### Exercise brief
Below are records; reproduce exactly the lines from the one that has "222 Harbour Dr" through the one that has "Pregnant white alien", ends included, and nothing more.

### Data supplied
※ ※ ※

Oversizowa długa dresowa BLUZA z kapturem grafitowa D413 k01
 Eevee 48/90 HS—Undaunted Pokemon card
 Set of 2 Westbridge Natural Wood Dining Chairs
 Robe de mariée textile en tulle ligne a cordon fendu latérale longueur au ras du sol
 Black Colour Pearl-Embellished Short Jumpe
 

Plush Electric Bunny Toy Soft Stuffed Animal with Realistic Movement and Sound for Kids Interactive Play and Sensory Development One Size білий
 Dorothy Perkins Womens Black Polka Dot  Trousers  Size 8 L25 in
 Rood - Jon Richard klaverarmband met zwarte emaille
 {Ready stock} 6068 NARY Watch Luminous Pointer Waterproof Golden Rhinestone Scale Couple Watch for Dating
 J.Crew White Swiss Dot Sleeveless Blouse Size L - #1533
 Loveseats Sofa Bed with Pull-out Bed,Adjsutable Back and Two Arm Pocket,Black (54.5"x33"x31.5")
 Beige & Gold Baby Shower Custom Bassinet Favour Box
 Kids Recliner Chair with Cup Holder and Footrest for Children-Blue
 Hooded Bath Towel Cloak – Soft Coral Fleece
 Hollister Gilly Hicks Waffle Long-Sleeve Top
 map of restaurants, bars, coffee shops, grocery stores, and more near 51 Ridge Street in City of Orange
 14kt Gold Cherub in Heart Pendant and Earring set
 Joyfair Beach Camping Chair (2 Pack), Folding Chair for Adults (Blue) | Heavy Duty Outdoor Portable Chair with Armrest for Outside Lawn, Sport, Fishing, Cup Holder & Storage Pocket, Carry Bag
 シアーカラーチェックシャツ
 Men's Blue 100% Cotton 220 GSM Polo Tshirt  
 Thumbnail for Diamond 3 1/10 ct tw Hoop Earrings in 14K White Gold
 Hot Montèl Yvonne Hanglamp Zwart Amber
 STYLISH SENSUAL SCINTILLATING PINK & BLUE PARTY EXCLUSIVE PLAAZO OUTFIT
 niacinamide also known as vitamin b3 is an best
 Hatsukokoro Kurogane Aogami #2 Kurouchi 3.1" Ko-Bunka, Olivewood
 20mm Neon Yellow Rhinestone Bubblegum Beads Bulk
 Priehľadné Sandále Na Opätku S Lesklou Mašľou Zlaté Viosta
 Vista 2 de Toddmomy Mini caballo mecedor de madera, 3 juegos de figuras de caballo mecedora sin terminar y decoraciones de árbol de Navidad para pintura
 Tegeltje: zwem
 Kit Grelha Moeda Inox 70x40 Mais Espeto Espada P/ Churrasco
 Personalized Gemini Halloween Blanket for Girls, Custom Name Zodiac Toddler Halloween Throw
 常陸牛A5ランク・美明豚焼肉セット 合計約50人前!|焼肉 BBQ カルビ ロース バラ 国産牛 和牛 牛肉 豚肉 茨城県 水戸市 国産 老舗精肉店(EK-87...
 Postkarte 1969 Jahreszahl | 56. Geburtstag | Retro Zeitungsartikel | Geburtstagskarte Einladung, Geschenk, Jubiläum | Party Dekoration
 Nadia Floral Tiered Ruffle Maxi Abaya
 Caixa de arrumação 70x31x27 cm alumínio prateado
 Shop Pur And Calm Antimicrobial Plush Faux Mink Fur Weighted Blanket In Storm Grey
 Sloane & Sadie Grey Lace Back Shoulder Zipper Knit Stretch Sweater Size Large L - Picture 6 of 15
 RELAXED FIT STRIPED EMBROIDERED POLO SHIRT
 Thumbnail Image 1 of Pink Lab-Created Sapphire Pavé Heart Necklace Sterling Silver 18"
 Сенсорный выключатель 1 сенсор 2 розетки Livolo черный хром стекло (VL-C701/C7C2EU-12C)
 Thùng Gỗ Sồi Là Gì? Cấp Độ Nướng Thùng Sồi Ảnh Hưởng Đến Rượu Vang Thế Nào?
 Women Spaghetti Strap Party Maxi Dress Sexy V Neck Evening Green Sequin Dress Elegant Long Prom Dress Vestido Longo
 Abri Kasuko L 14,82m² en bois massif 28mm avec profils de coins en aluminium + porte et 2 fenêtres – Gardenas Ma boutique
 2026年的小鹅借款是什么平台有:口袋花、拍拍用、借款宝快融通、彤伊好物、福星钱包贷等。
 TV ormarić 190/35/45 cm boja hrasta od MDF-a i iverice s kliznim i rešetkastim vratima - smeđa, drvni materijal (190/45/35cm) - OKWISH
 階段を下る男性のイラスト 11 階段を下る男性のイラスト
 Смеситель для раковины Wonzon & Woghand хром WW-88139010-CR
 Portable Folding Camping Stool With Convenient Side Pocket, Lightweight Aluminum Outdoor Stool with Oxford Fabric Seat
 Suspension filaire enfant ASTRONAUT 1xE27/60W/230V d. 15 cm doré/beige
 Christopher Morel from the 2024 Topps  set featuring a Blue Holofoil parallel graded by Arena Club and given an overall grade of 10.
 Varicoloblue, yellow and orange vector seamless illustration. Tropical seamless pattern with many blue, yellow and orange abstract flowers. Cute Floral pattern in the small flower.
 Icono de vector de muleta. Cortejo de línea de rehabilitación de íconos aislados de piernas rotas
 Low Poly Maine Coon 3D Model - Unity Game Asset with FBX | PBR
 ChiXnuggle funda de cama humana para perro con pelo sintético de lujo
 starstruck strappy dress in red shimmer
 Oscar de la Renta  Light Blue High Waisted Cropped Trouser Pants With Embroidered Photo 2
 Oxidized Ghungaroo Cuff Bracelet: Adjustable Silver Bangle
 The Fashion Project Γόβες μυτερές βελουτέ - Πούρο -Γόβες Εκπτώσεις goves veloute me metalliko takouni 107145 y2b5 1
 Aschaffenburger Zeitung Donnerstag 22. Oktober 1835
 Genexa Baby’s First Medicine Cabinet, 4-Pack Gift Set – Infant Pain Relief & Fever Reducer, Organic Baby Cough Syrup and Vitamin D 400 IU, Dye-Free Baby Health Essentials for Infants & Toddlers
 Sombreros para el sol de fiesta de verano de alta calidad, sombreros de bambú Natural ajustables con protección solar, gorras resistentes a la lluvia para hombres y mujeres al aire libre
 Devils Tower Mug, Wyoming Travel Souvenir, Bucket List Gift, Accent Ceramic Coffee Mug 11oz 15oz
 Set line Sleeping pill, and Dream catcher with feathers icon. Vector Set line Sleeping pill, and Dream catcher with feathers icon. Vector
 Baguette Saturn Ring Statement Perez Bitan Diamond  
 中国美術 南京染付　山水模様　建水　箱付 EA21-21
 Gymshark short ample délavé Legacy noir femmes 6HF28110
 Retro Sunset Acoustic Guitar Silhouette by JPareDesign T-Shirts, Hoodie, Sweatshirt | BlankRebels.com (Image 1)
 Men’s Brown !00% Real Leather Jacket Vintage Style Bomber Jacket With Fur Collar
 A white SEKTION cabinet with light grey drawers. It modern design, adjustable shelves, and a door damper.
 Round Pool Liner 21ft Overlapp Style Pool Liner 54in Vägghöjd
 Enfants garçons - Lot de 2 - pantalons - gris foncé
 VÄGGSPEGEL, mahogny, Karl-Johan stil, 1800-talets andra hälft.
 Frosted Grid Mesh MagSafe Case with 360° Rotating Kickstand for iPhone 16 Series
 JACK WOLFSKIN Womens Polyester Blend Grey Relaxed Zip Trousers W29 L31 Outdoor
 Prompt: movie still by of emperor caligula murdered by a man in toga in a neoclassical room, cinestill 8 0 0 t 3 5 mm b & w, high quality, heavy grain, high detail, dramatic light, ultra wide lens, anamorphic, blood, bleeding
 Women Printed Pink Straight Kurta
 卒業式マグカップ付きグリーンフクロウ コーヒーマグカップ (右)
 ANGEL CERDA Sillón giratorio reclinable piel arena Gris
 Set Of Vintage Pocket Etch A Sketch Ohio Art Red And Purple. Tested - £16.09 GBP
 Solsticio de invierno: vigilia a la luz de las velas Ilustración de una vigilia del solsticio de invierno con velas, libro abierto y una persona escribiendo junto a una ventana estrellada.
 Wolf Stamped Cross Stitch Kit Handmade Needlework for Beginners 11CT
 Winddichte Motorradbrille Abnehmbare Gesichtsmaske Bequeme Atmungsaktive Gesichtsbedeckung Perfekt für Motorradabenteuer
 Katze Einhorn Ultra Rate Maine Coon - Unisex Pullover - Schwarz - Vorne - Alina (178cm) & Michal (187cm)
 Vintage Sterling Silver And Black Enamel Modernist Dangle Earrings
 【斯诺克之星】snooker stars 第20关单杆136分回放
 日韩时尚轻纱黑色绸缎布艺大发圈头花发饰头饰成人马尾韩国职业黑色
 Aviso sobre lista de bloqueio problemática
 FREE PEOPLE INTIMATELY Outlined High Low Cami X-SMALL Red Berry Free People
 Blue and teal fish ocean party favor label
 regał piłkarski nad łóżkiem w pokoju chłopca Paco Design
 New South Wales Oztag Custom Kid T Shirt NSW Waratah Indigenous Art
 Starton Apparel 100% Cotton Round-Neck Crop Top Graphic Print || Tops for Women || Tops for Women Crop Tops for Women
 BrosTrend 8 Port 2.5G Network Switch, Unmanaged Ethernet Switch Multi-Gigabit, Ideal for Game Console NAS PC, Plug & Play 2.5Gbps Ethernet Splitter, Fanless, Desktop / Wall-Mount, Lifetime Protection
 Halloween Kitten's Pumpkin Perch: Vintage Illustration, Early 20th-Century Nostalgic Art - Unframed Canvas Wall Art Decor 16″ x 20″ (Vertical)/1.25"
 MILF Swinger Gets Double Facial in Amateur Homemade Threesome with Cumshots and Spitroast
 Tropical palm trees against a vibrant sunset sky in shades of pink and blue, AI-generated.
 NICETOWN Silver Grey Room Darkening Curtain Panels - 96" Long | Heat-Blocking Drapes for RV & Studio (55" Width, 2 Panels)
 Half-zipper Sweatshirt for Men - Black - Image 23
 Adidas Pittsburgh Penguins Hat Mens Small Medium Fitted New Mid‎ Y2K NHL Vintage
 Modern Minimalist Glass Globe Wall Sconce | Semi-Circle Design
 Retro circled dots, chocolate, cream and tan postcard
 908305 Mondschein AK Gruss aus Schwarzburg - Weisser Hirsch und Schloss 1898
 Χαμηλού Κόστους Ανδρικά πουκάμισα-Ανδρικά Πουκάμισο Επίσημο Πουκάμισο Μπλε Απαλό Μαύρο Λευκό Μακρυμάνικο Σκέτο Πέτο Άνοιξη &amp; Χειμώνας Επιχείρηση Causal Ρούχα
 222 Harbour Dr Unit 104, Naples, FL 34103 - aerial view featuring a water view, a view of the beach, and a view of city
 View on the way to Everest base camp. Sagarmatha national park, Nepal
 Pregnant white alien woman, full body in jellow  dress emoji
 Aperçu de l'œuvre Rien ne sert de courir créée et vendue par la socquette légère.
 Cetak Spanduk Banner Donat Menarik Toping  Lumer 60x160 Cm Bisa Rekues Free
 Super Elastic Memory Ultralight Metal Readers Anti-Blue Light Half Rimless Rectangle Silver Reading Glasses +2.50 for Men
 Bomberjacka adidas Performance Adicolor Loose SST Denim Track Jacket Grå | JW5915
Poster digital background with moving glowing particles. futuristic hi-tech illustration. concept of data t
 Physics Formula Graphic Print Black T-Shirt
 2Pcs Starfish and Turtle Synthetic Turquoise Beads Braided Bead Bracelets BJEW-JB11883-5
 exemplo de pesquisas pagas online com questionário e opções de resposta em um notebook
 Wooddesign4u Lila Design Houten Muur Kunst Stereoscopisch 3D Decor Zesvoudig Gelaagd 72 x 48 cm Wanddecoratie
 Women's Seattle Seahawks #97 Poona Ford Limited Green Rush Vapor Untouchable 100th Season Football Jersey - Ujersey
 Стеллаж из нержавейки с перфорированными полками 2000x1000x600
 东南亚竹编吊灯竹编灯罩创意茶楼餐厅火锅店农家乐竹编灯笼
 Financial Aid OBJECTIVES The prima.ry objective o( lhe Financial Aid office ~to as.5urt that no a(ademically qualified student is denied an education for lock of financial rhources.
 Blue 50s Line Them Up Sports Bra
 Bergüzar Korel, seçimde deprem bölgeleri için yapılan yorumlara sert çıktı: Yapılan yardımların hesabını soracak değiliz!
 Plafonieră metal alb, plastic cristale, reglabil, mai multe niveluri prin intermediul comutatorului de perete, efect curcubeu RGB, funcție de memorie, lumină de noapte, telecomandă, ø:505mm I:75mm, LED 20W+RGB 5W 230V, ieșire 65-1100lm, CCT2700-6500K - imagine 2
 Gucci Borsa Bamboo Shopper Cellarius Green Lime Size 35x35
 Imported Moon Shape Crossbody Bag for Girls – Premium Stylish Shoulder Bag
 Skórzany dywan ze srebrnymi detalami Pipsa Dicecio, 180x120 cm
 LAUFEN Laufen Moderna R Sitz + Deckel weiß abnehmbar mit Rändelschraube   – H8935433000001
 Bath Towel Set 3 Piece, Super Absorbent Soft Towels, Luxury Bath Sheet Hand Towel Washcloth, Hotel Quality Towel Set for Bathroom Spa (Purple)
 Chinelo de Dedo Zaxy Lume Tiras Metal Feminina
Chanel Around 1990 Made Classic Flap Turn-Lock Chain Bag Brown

※ ※ ※

### Answer to this exercise
 222 Harbour Dr Unit 104, Naples, FL 34103 - aerial view featuring a water view, a view of the beach, and a view of city
 View on the way to Everest base camp. Sagarmatha national park, Nepal
 Pregnant white alien woman, full body in jellow  dress emoji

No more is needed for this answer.